**RECORD SET**

========================================================================

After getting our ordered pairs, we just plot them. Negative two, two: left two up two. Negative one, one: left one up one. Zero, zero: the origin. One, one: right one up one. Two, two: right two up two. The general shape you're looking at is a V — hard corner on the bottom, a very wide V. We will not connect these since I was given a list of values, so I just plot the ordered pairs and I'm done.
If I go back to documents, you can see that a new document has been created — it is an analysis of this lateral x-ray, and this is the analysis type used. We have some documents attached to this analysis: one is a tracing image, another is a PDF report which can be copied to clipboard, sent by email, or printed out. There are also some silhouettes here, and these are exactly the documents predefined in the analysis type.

========================================================================

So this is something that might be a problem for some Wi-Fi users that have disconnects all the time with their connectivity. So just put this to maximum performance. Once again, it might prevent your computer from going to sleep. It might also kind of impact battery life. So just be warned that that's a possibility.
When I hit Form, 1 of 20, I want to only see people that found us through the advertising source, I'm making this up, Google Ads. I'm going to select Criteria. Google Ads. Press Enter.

========================================================================

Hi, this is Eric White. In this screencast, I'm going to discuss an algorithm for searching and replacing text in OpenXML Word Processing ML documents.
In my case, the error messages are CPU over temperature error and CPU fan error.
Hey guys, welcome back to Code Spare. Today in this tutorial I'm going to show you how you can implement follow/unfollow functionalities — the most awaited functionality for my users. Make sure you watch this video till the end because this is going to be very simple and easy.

========================================================================

**WORK REQUEST**
Everything above from the line with "In my case, the" to the line with "Hey guys, welcome", both included, must be repeated exactly, and nothing outside that range.

**TASK SOLUTION**
In my case, the error messages are CPU over temperature error and CPU fan error.
Hey guys, welcome back to Code Spare. Today in this tutorial I'm going to show you how you can implement follow/unfollow functionalities — the most awaited functionality for my users. Make sure you watch this video till the end because this is going to be very simple and easy.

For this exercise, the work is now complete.